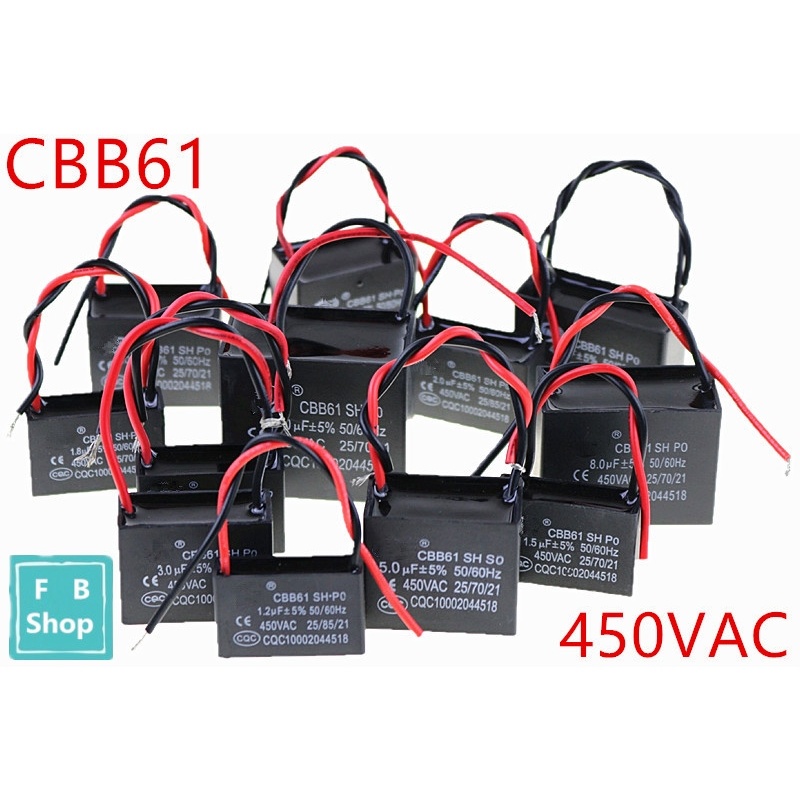 1uF 1.2uF 1.5uF CBB61 1.8uF 2uF 2.5uF 3uF 3.5uF 4uF 4.5uF 450VAC เริ่มต้นความจุ AC พัดลมตัวเก็บประจุ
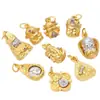Pulseira Antiga Dourada Bicolor Conserva-Cor Pingente Cabeça de Buda Acessórios Zaghiram Ganesha Pulseira Wenwan Pingente Contas Espaçadoras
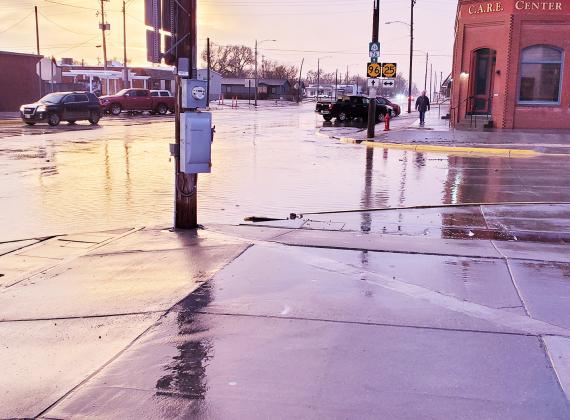 The 4-way after the rain storm Friday. Proving once again how bad the drainage is here.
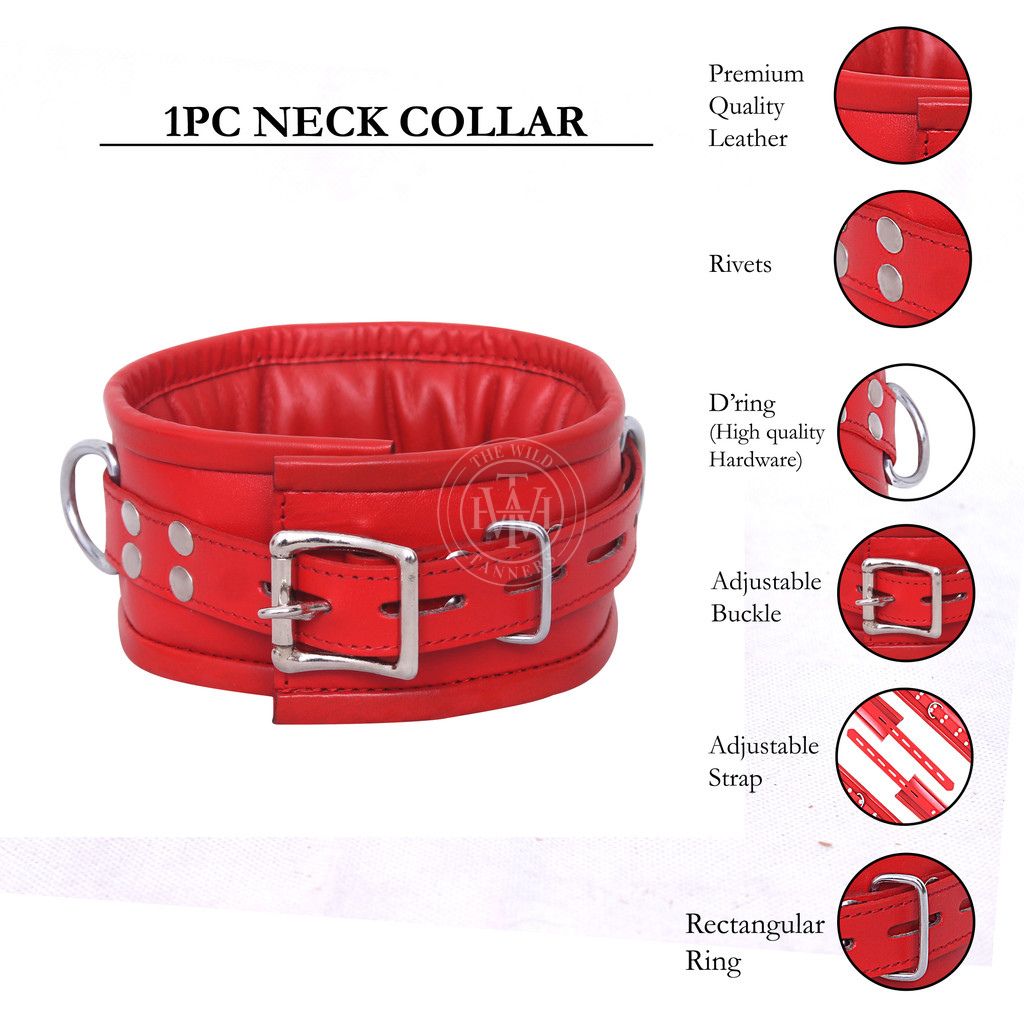 5 Pcs Genuine Red Leather Handcuffs Set, view 7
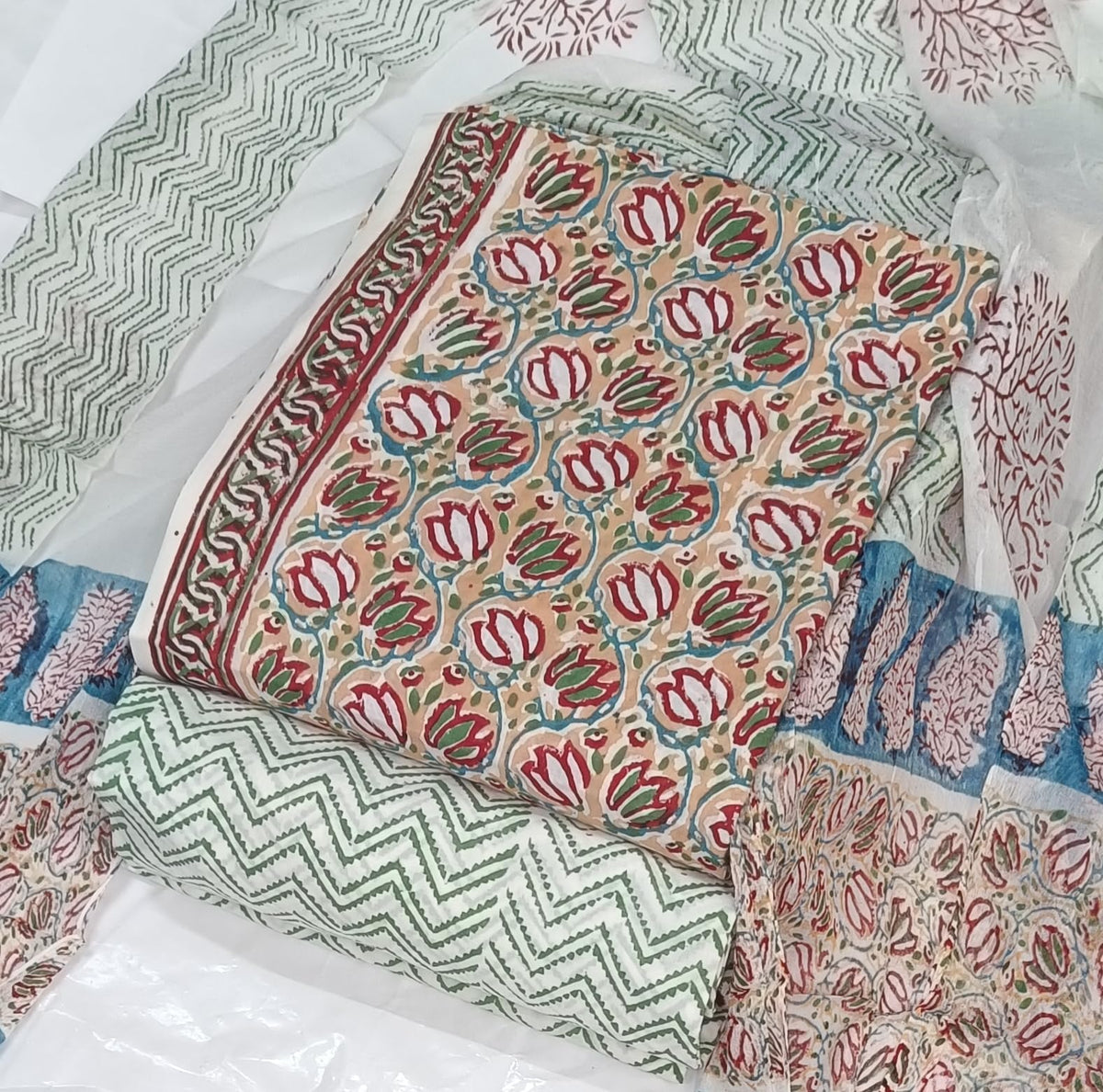 DRAVINAM Trends Hand Block Print Cambric Cotton Unstitched Salwar Suit Set for Women with Pure Chiffon Hand Printed Dupatta
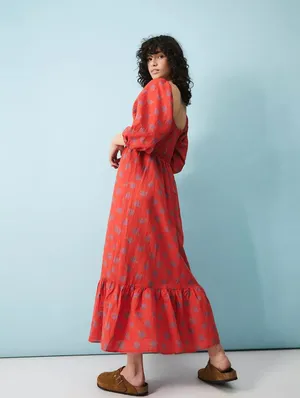 Red Floral Cotton Linen Dress S thumbnail 3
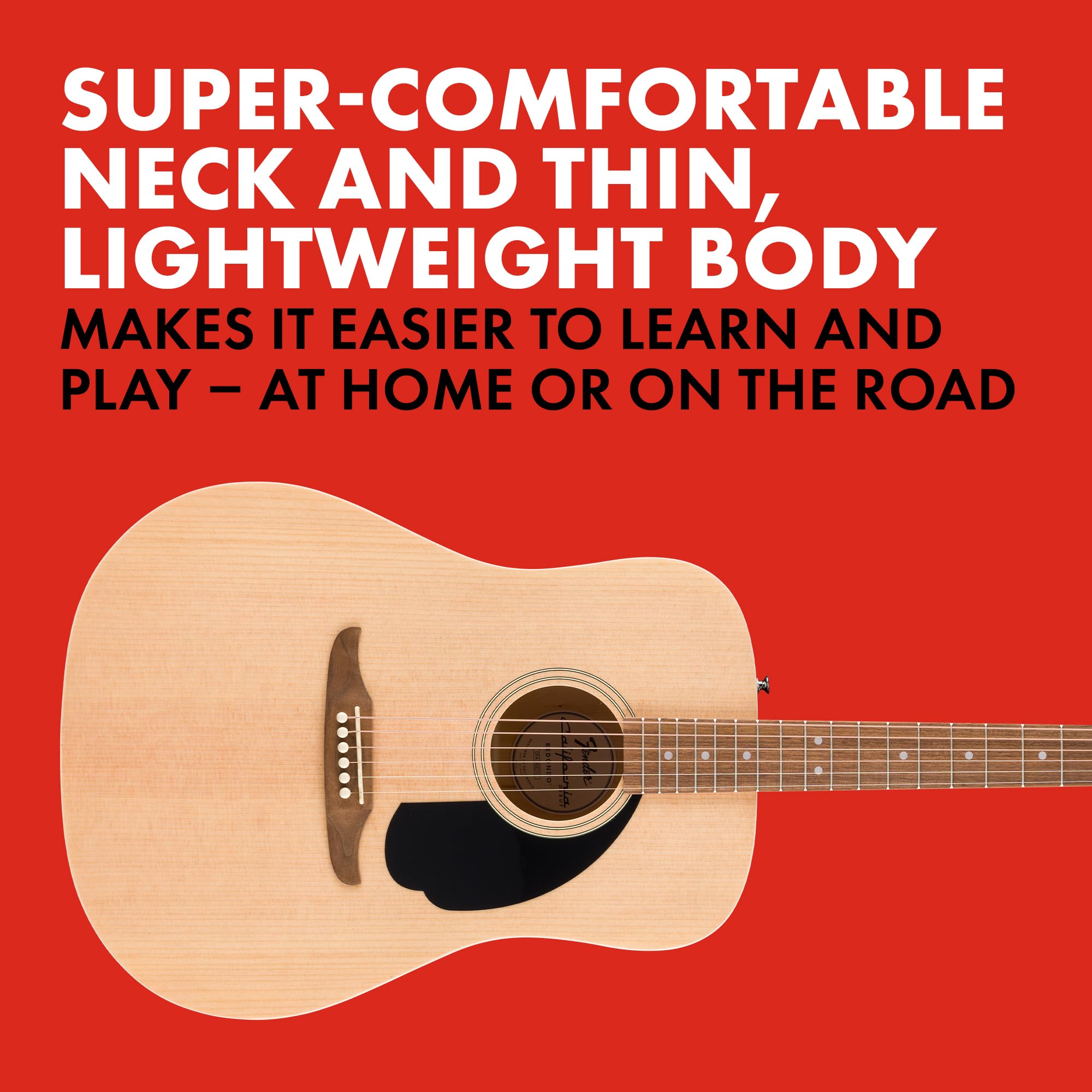 Debut Fender California Redondo Dreadnought Gitara akustyczna z świerkiem, pickguard, naturalny | California Series, początkująca gitara akustyczna, naturalne wykończenie, 2-letnia , starter dla dorosłych, jakość Fender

Work instruction — Here the requirement is to restate exactly the line holding "Pulseira Antiga Dourada" and every later line through the end of the material, omitting pictures.

Output below —
Pulseira Antiga Dourada Bicolor Conserva-Cor Pingente Cabeça de Buda Acessórios Zaghiram Ganesha Pulseira Wenwan Pingente Contas Espaçadoras
 The 4-way after the rain storm Friday. Proving once again how bad the drainage is here.
 5 Pcs Genuine Red Leather Handcuffs Set, view 7
 DRAVINAM Trends Hand Block Print Cambric Cotton Unstitched Salwar Suit Set for Women with Pure Chiffon Hand Printed Dupatta
 Red Floral Cotton Linen Dress S thumbnail 3
 Debut Fender California Redondo Dreadnought Gitara akustyczna z świerkiem, pickguard, naturalny | California Series, początkująca gitara akustyczna, naturalne wykończenie, 2-letnia , starter dla dorosłych, jakość Fender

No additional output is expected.